Bleibt sie stehen oder tritt sie einen Schritt zurück?

Ich sehe im Lektorat oft, wie viel stärker Szenen werden, wenn sie leise bleiben dürfen. Wenn ein Wesen keine Antworten gibt, sondern nur anwesend ist. Wenn Figuren lernen müssen, anders zu kommunizieren.

Tipp:
Schreibe die erste Begegnung ohne ein einziges erklärendes Wort. Nur Eindrücke. Erst danach darf jemand etwas sagen.


Wann vertraute Motive ins Klischee kippen

Ein Motiv wird dann zum Klischee, wenn:

● Figuren dieselben Entscheidungen treffen wie alle andren zuvor
● der Konflikt vorhersehbar wird
● das Motiv wichtiger wird als die Figuren
● du erklärst, statt etwas erlebbar zu machen

Viele Autor*innen rutschen ins Klischee, weil sie sich beim Schreiben auf das Motiv konzentrieren, nicht auf die Erfahrung darin. Doch das Neue entsteht dort, wo Figuren anders reagieren als erwartet – aber konsequent zu ihrem Charakter.
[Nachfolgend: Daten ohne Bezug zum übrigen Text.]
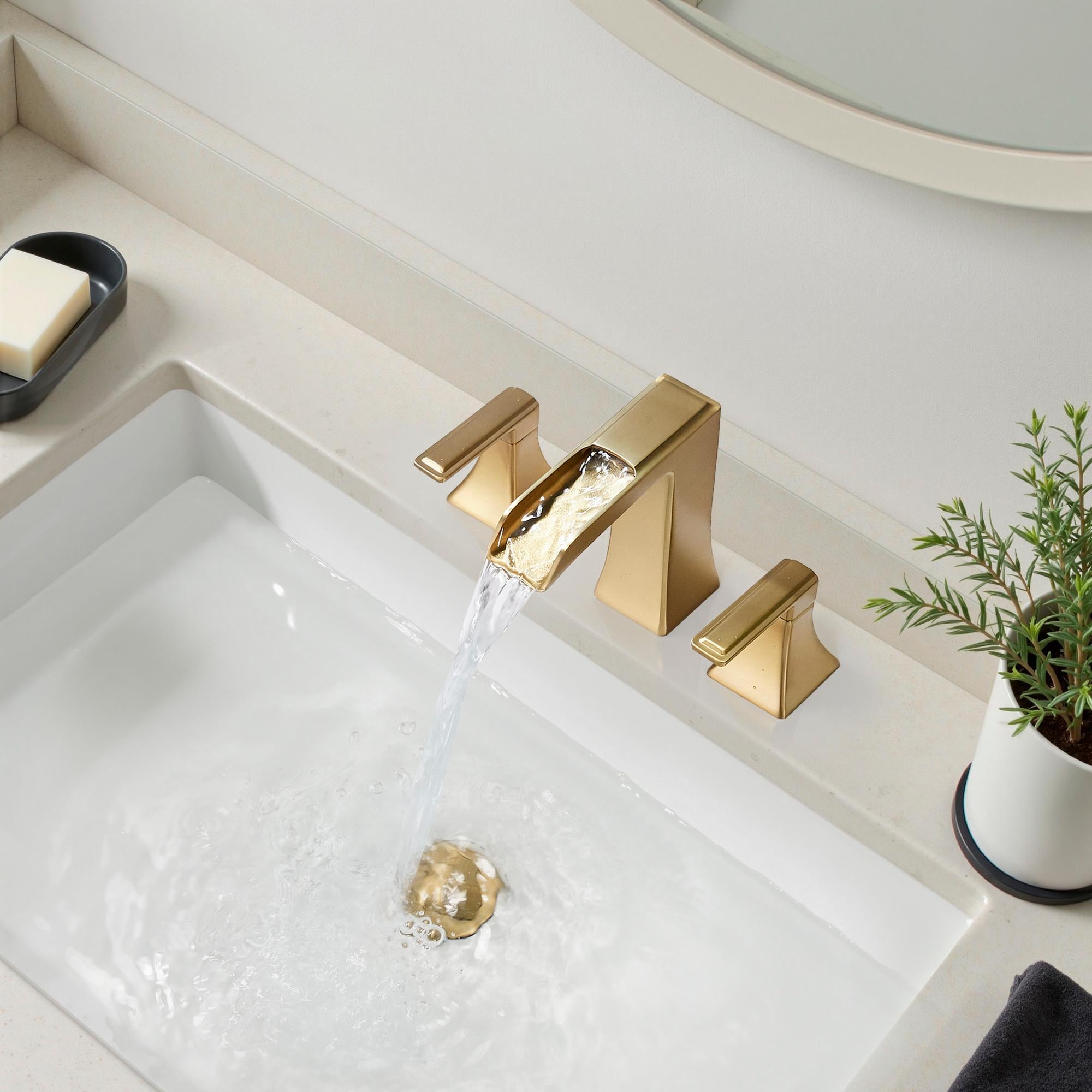 androme A3121GOLD Eden Gold Widespread 2-handle Mid-arc Residential Handle Bathroom Sink Faucet with Drain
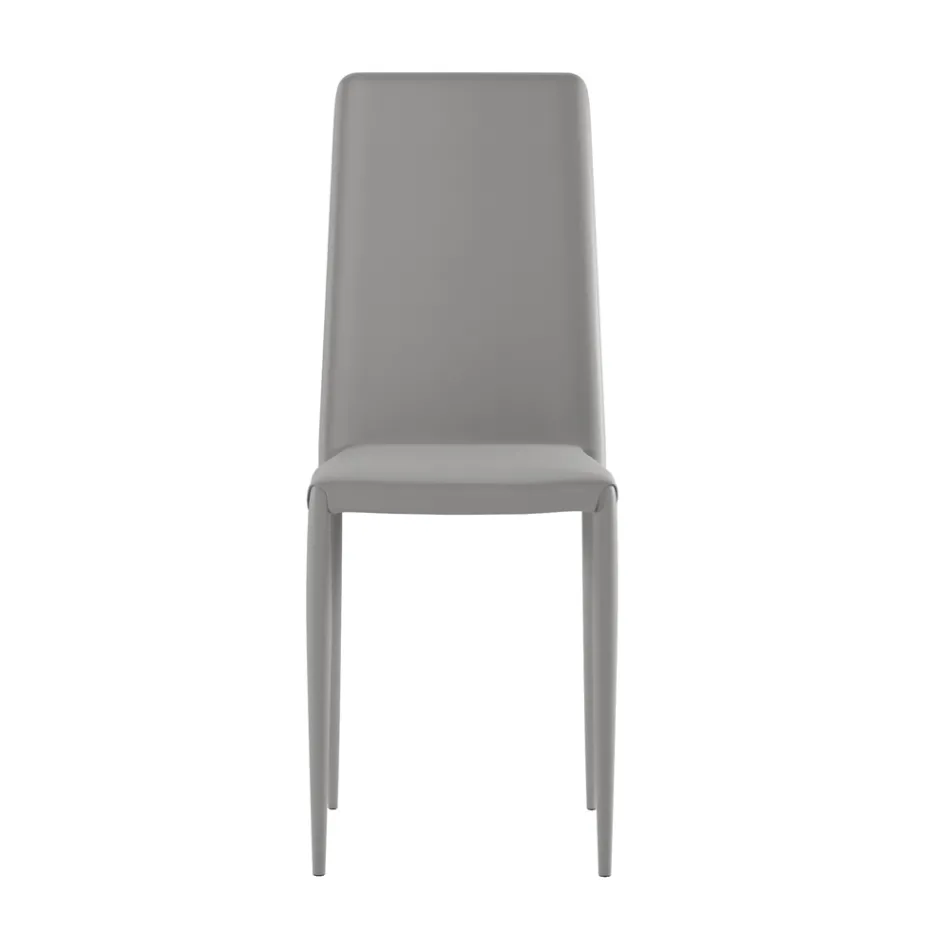 Set de 4 scaune moderne din piele ecologică albă, gri sau gri porumbel - Dora Viadurini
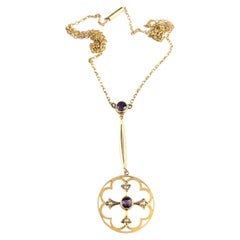 Antique Art Nouveau Pendant Necklace, Amethyst and Pearl, 9 Karat Gold 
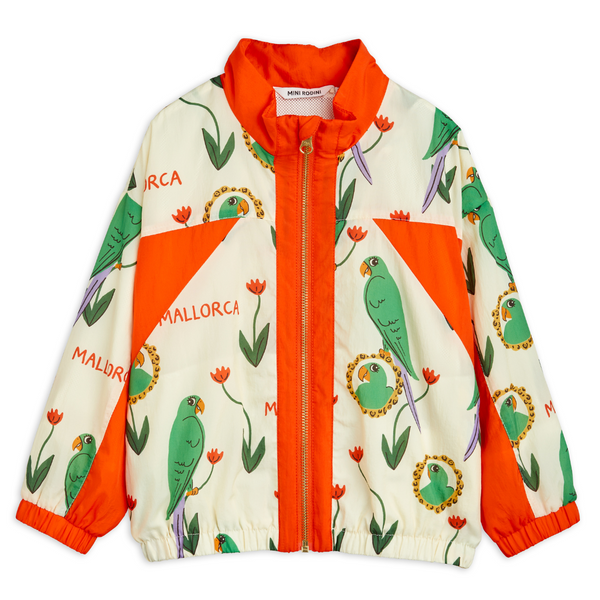 Parrots Print Nylon Tracksuit Jacket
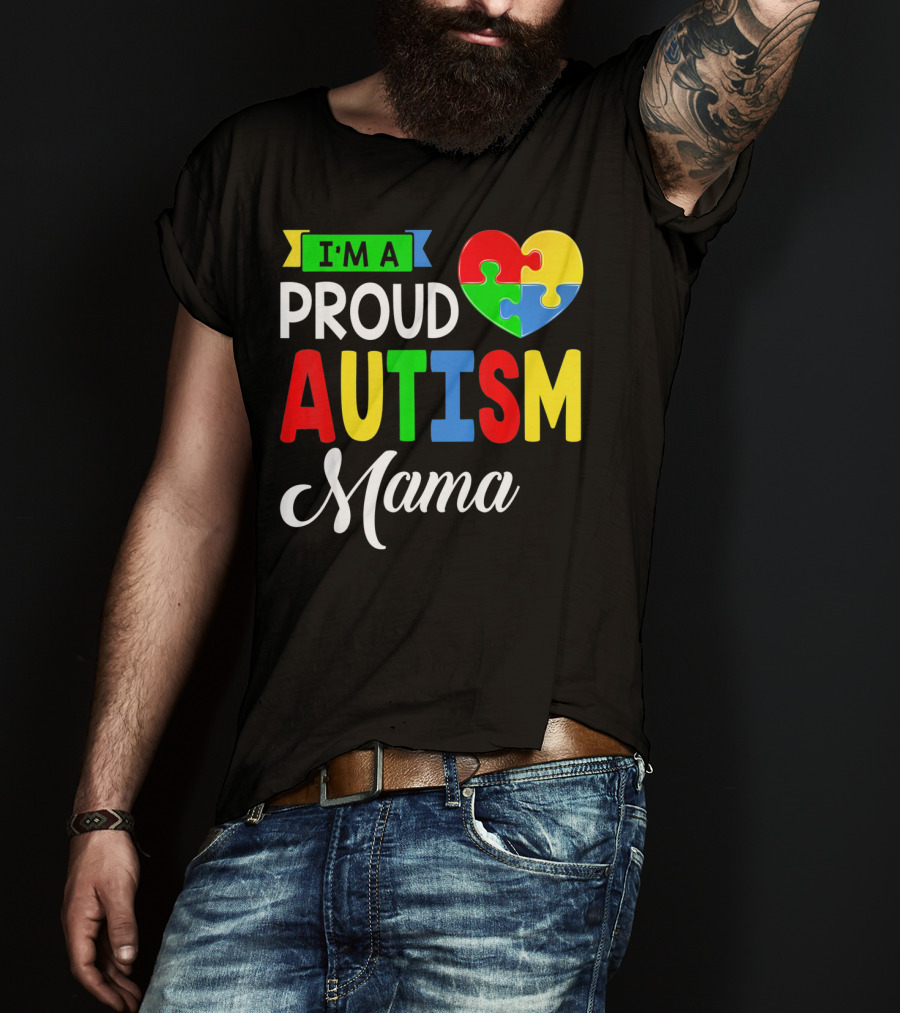 I'M A Proud Autism Mama Puzzle Heart Mamasaurus T-Shirt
Woran du erkennst, dass dein Text lebendig bleibt:
Im Rückblick erscheint jede Handlung logisch, doch beim Lesen überrascht sie trotzdem.


Kleine Übung: Dein Motiv in drei Sätzen

Nimm dir dein zentrales Motiv und beantworte:

  1. Was ist das sichtbare Motiv?
  2. Welche menschliche Erfahrung steckt dahinter?
  3. Welche Veränderung entsteht für deine Figur?

Diese drei Sätze reichen oft schon, um die Richtung wiederzufinden.

Tipp:
Formuliere anschließend einen Satz darüber, was deine Figur falsch einschätzt. Dieser Satz hilft dir beim Schreiben überraschender, aber glaubwürdiger Entscheidungen.


Fazit

Science-Fiction lebt von vertrauten Motiven – doch sie muss sich nicht wiederholen.
Frische entsteht nicht durch Originalität, sondern durch Klarheit. Durch Nähe. Durch das Bewusstsein, warum du genau diese Geschichte erzählst.

Wenn du den inneren Kern deines Motivs erkennst, wird deine Geschichte automatisch persönlicher. Und genau dort entsteht der Moment, in dem etwas Vertrautes neu klingt.